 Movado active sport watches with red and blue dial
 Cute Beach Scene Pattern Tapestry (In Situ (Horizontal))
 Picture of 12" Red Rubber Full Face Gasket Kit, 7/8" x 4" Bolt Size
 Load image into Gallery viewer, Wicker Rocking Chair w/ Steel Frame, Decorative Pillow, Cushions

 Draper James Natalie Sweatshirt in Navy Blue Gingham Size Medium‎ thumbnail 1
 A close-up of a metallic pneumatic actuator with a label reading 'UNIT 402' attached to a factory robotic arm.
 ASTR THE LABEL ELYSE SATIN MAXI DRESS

☆ ☆ ☆ ☆ ☆

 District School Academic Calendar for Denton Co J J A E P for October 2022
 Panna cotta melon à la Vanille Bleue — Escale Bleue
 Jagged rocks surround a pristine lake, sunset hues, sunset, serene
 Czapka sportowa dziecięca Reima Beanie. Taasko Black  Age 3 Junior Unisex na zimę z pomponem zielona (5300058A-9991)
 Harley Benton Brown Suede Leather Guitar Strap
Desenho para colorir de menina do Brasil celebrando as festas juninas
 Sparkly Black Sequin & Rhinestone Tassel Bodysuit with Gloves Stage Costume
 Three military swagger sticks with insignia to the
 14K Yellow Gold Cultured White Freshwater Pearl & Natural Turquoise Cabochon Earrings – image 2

☆ ☆ ☆ ☆ ☆

Action item: Report each line of the data in which "with" occurs.

Final answer:
 Movado active sport watches with red and blue dial
 A close-up of a metallic pneumatic actuator with a label reading 'UNIT 402' attached to a factory robotic arm.
 Sparkly Black Sequin & Rhinestone Tassel Bodysuit with Gloves Stage Costume
 Three military swagger sticks with insignia to the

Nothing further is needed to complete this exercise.